Step 3: Transform Data

def transform_data(df):
    df = df.dropna()
    df['name'] = df['name'].str.upper()
    df = df[df['age'] > 18]
    return df
  • df.dropna(): Removes rows with missing values (NaN).
  • df['name'].str.upper(): Converts the name column to uppercase.
  • df[df['age'] > 18]: Filters rows where the age column is greater than 18.
  • The function returns the cleaned and transformed DataFrame.

Step 4: Load Data

def load_data(df, db_path, table_name):
    conn = sqlite3.connect(db_path)
    df.to_sql(table_name, conn, if_exists='replace', index=False)
    conn.close()
  • sqlite3.connect(db_path): Connects to the SQLite database.
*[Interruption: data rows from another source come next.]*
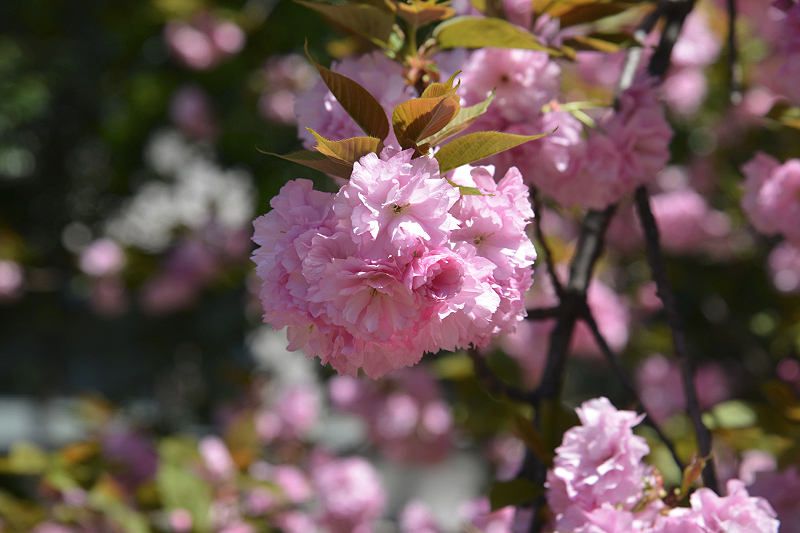 image0101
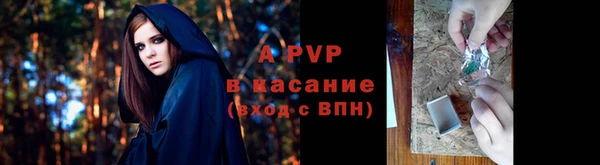 хмурый Пересвет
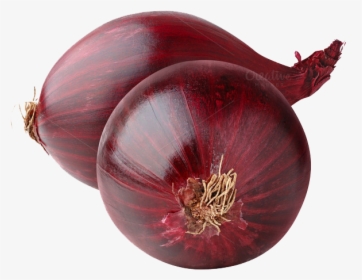 Download Red Onion Png Image - 2 Red Onion Png, Transparent Png, Transparent PNG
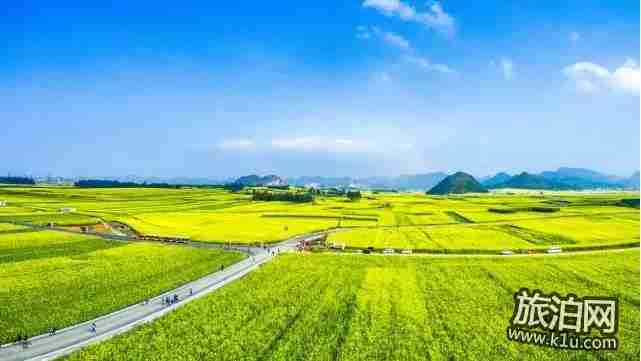 2018年武汉春季有哪些可以赏花的地方推荐 2018年武汉春季有哪些可以赏花的地方推荐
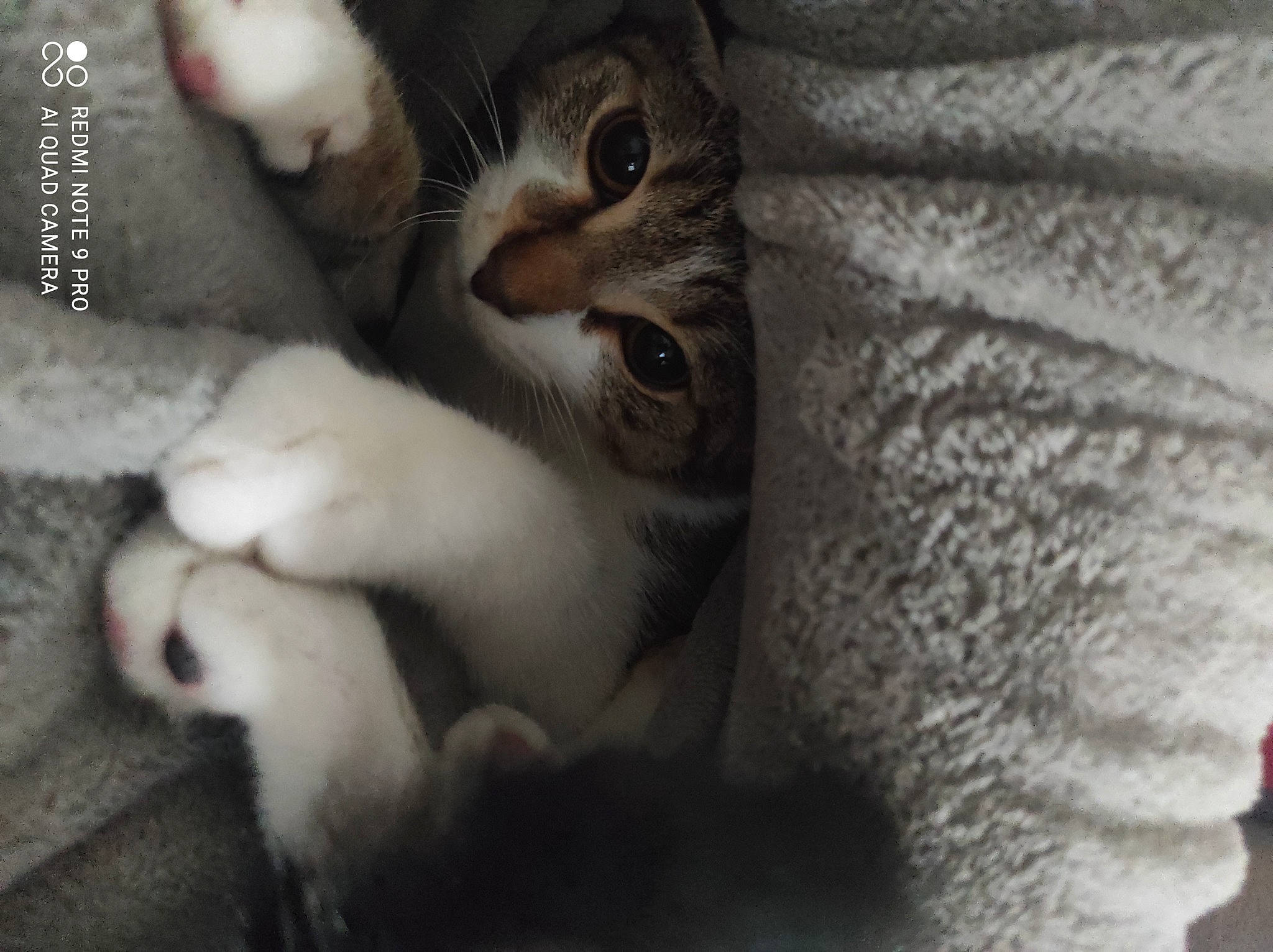 Chocapic participe au concours pour gagner de l'argent avec cette photo : carnivore, cat, claw, comfort, domestic_short_haired_cat, fawn, felidae, fur, monochrome_photography, nail, nose, paw, photo_caption, small_to_medium_sized_cats, snout, tail, terrestrial_animal, whiskers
If the database doesn't exist, it creates one.
  • df.to_sql(table_name, conn, if_exists='replace', index=False): Inserts the DataFrame into the database as a table.
    • table_name: Name of the table to create.
    • if_exists='replace': Replaces the table if it already exists.
    • index=False: Prevents Pandas from writing row indices to the database.
  • conn.close(): Closes the database connection.

Step 5: Main Function

def main():
    input_file = 'data.csv'
    db_file = 'example.db'
    table_name = 'users'

    print("Extracting data...")
    data = extract_data(input_file)

    print("Transforming data...")
    transformed_data = transform_data(data)

    print("Loading data into the database...")
    load_data(transformed_data, db_file, table_name)
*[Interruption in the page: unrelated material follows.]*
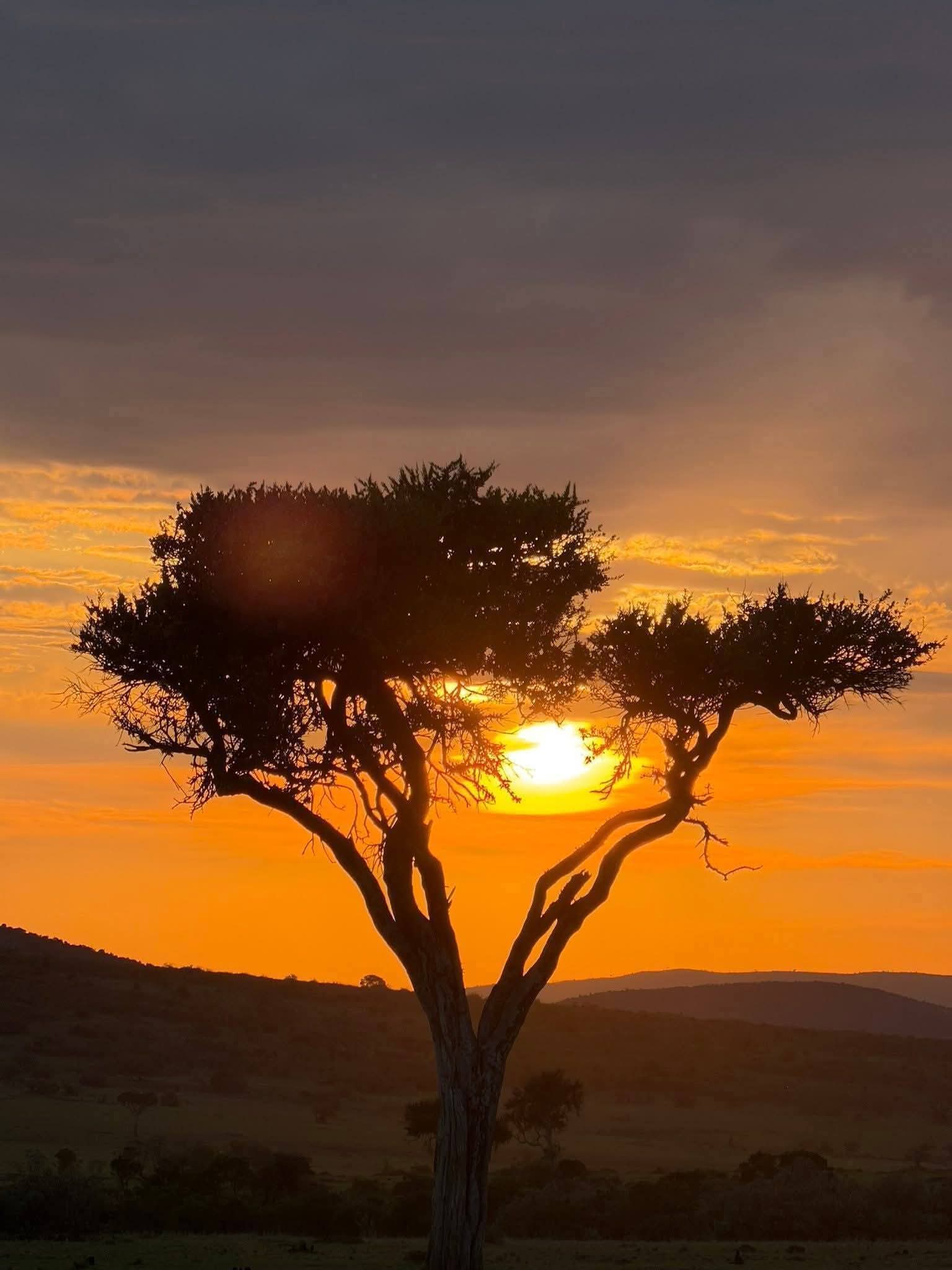 Safari_tsavo_East_e_ovest_amboseli_masai_Mara_121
    print("ETL process completed successfully!")
  • Orchestrates the ETL process by calling the extract_data, transform_data, and load_data functions.
  • Prints progress messages to the console.

Run the Script

if __name__ == "__main__":
    main()
  • Ensures the main() function runs only when the script is executed directly (not when imported as a module).

Sample Input (data.csv)

name,age,email
Alice,25,alice@example.com
Bob,17,bob@example.com
Charlie,30,charlie@example.com
Diana,,diana@example.com

Output

  1. A SQLite database (example.db) is created with a table named users.
  2. The table contains the following data:
   NAME     AGE  EMAIL
   ALICE    25   alice@example.com
   CHARLIE  30   charlie@example.com

Key Concepts Learned

  1. ETL (Extract, Transform, Load): A fundamental process in data engineering.
  2. Pandas: A library for data manipulation.
  3. SQLite: A lightweight database for storing data.
  4. Data Cleaning: Handling missing values and filtering rows.
  5. Data Transformation: Modifying columns (e.g., converting to uppercase).